Die ETH Zürich bietet eine Vielzahl von Möglichkeiten, die über die Vorbereitung auf einen bestimmten Karriereweg hinausgehen. Diese Angebote vermitteln nicht nur wichtige ergänzende Fähigkeiten, sondern sind auch eine gute Möglichkeit, motivierte Menschen mit unterschiedlichem Hintergrund kennenzulernen.
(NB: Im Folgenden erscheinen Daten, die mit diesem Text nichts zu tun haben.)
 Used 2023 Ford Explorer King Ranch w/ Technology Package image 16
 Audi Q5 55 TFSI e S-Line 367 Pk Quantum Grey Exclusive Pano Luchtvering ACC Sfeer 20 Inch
Während der ETH-Woche entdeckte ich zum Beispiel die Design-Thinking-Methode, einen weit verbreiteten Ansatz für die Entwicklung von Lösungen, die auf reale Nutzerbedürfnisse eingehen. Ich fand sie faszinierend und beschloss, sie weiter zu erforschen, indem ich dank eines Kurses und einer Zertifizierung, die ebenfalls von der ETH Zürich angeboten wurden, ein zertifizierter Design Thinking Coach wurde. Diese Erfahrung bedeutete eine grosse Umstellung von meinem Physikstudium – wo ich Probleme lösen musste – zu einem Rahmen, in dem der erste Schritt darin besteht, reale Probleme zu identifizieren. Diese neue Perspektive war unglaublich anregend und führte mich in eine Denkweise ein, die im Design üblich ist, in meiner Ausbildung aber viel seltener vorkommt. Einige der ETH-Initiativen halfen mir auch, meine Soft Skills durch Angebote wie das Karriereprogramm von Femtec zu stärken. Dort habe ich Fähigkeiten wie Elevator Pitch, Rhetorik und Verhandlungsführung entwickelt – alles Fähigkeiten, die sich in Bewerbungsgesprächen und im Berufsleben als wertvoll erwiesen haben.
Zurzeit belege ich Kurse in Versicherungsmathematik an der ETH Zürich, um mein Verständnis für die Versicherungsmathematik und das Versicherungsgeschäft zu vertiefen: Dieses Wissen ist für meine derzeitige Tätigkeit sehr wichtig.
Ich rate allen, die sich über ihr Studium hinaus engagieren wollen, dies zu tun. Diese Möglichkeiten bieten einen unglaublichen Mehrwert. Ich würde sie nicht als zusätzliche Arbeit sehen, sondern eher als spassige Erfahrungen: Das waren sie für mich.